Before 1930 the Aboriginal peoples of Arnhem Land in northern Australia painted designs only on the interiors of bark dwellings and on men’s bodies. The designs were sacred symbols that linked a clan’s origin stories to the rights of its members to use particular lands.
In the 1930s Christian missions were established and missionaries encouraged the production of indigenous art forms, which were then sold or given to Australian museums. In the 1950s this effort expanded considerably with missions acting as art dealers, paying cash for paintings, and creating professional “artists” where none had previously existed. Paintings for the first time were labeled as to their authenticity and an international art market for the paintings grew. Painters were encouraged to create designs that “had a story” and would appeal aesthetically to non-Aboriginal buyers. They ultimately retained control over what they chose to paint, however, and more importantly, how much (if any) of the sacred knowledge associated with the designs they chose to reveal.
Dawidi Djulwarak (1921–1970) produced this bark painting in the 1960s. Like many other Aboriginal painters, he was encouraged in his art endeavors by Christian missionaries who then acted as dealers to sell the artist’s work. They authenticated the paintings, labeling them with the artist’s bio and sometimes with information about the stories told. In earlier periods, art was typically executed by groups of painters and no one person could designate himself (artists were typically men) as the creator of the artwork. This bark painting was purchased by the Fowler Museum in 1967.
The Aboriginal peoples of Australia tell of a time when the Ancestor Spirits formed the land, the waters, the sky, and all they contained. The Spirits came to Earth and gave names to all these geographical features and to all the creatures formed therein. This was the time during which all things were created—a time before time.
As they traveled across the land, Ancestor Spirits created stars, rivers, creeks, forests, hills, and other landscapes. At the end of this time—the Dreamtime—the Spirits changed into these features and into all the creatures they named. Still powerful, the Spirits are present today in these forms and, as in ages past, creation stories of the ancestors are told.
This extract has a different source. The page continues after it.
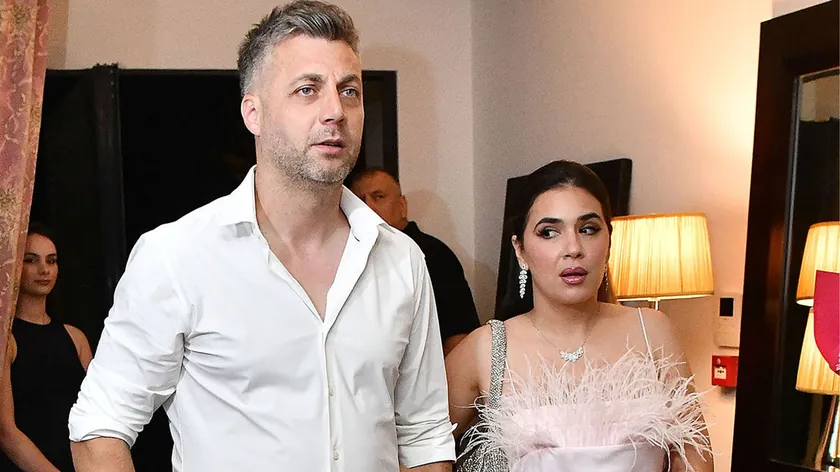Bojan Vasković ailesiyle 4,5 saat sınırda kaldı.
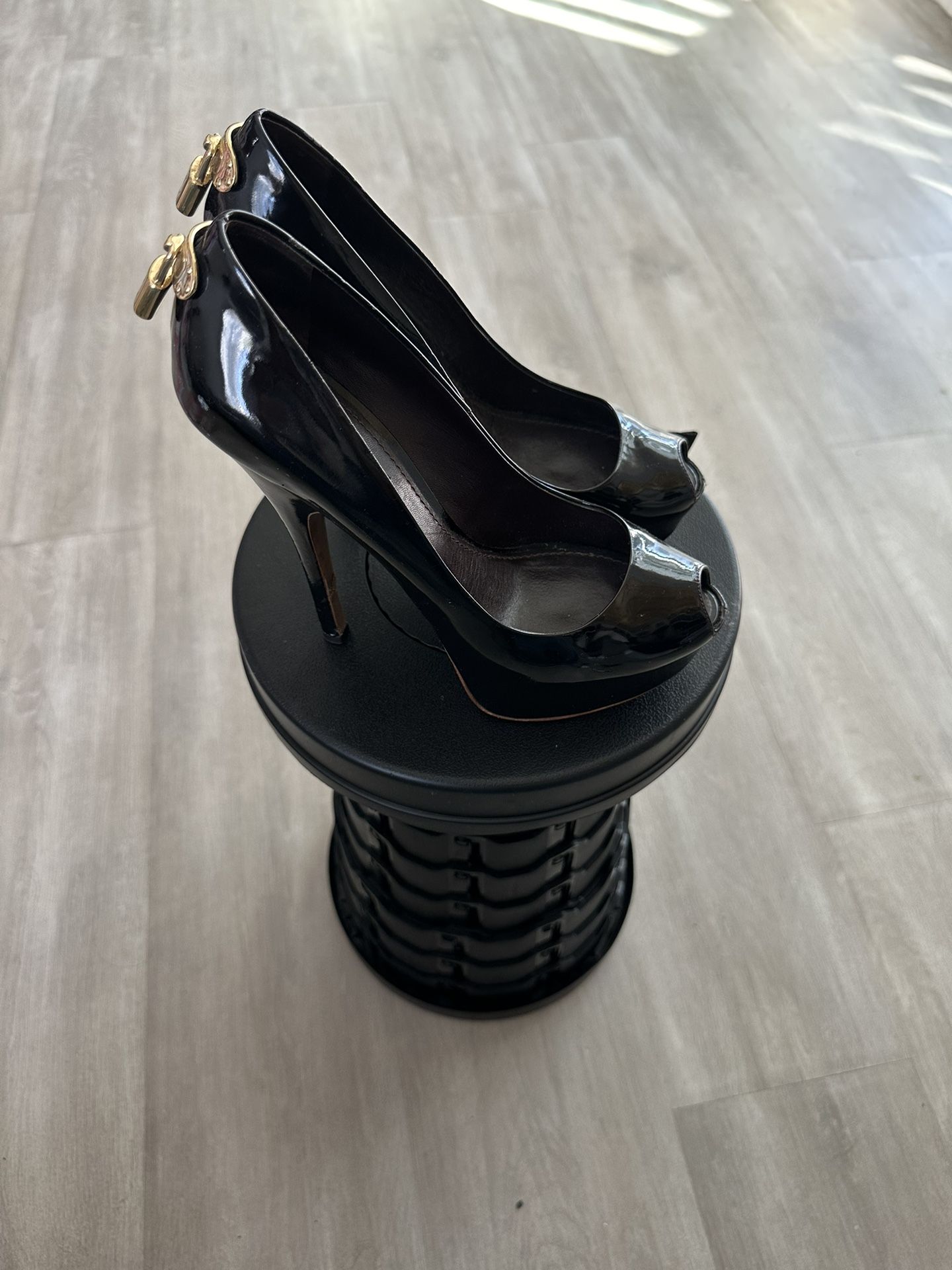 Louis Vuitton Open Toe Leather Black Padlock Cadena Pumps Size US 7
They tell of the continent’s many animals and of ancestral beings like the Wawilak Sisters who helped create and name the universe, established the rainy and dry seasons, and gave the people their law.
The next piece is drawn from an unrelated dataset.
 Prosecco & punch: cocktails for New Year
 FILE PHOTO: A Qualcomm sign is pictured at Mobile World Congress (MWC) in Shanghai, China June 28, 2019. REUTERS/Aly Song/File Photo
Activity. Writing creation stories can take many forms and students will appreciate the diversity as they research creation stories of a wide variety of peoples. Although most were communicated orally, they are now also in written form. Compare stories of the peoples of Africa, Asia, Europe, and the Americas. In their readings students should look for different explanations for the origin of specific animals and/or natural phenomena.
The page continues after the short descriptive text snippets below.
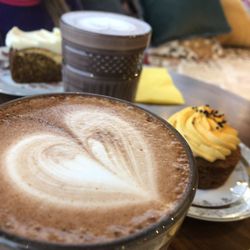 Kahviputiikki Papulaari - Cake and hot chocolate (and chili hot chocolate!)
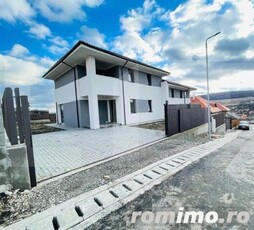 Casa tip duplex, la intrare in Chinteni, 133 mp utili, 270 mp teren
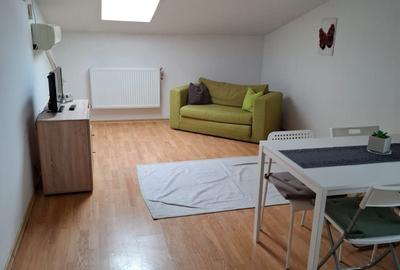 Apartament cu 2 camere decomandat, mobilat în Central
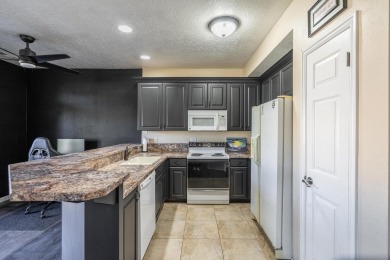 Discover this affordable and beautifully updated condo in the on St. George Golf Course in Utah - for sale on GolfHomes.com, golf home, golf lot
Activity. Students should look at pictures and learn characteristics of Australia’s wide variety of animals—many unique to the continent. They will use the information to tell tales of how the creatures came to be. The kangaroo, wallaby, koala bear, bandicoot, bush-tailed opossum, duck-billed platypus, emu, echidna, kookaburra, crocodile and various spiders, lizards, snakes, and sea creatures would all be fair subjects.
Activity. Indigenous peoples of Australia also transmit their stories in songs and dances, and by painting on the ground, rock walls, canvas, their bodies, and like our example, pieces of bark. Can students interpret a story in one of these media?
The drawing of the Wawilak sisters in Memory and Cosmology (fig. 2.3) was painted on bark. To make this and similar works, Aboriginal artists took sheets of bark from trees and removed thin layers that they cured by fire and flattened with weights for many days. The paints they used were basic earth pigments of red, black, yellow, and white, and these were mixed with fixatives (egg yolk, honey, bees’ wax and flower extracts). They made brushes from strips of bark or green twigs that were then whittled or chewed into shape to make the bristles.
To make simulated bark paintings, students may use crumpled brown wrapping paper, softened by dipping in water, to imitate bark. Students may choose to use animals in their stories and should notice that Aboriginal artists often use crosshatching and linear designs to fill the simply outlined animal shapes. Sometimes the skeleton or a baby animal is drawn inside the animal outline.
Activity. Retelling history assures Aboriginal peoples that their ancient past has ties to today and their cultural heritage will be made known to future generations. Consider paintings, song, and dance as you compare the efficacy of these arts with the means by which our students may learn of and transmit their history.
Which of the arts do students consider to be most effective as mnemonic devices? Have them recall if they have ever been helped to learn something through a song or a rhyming game. What is meant by the saying, “A picture is worth a thousand words?” Do they agree? Discuss what criteria should be met to make an oral presentation successful. Do the same for a written narrative and for visual and performing art presentations.
While naming the land, Ancestor Spirits established relationships among individuals and groups, and granted humans the rights to both the land and the bark paintings that told the stories of the relationships. Indeed, paintings have helped establish Aboriginal claims to land and sacred sites, and have been officially recognized as evidence in land claim suits. Since the people were nomadic their territorial boundaries were not spelled out. Landforms and natural boundaries—including rivers, hills, and rock formations—served as property boundaries. The names of these features, as well as the knowledge of which territory belonged to which person or group, was information that parents expressed to their children, and group elders communicated to the younger generation, thus perpetuating the creation stories and the rights to sacred sites. It is important to remember that the original settlers comprised hundreds of different groups and though they shared much, each had beliefs, traditions, and Dreamtime stories specific to them.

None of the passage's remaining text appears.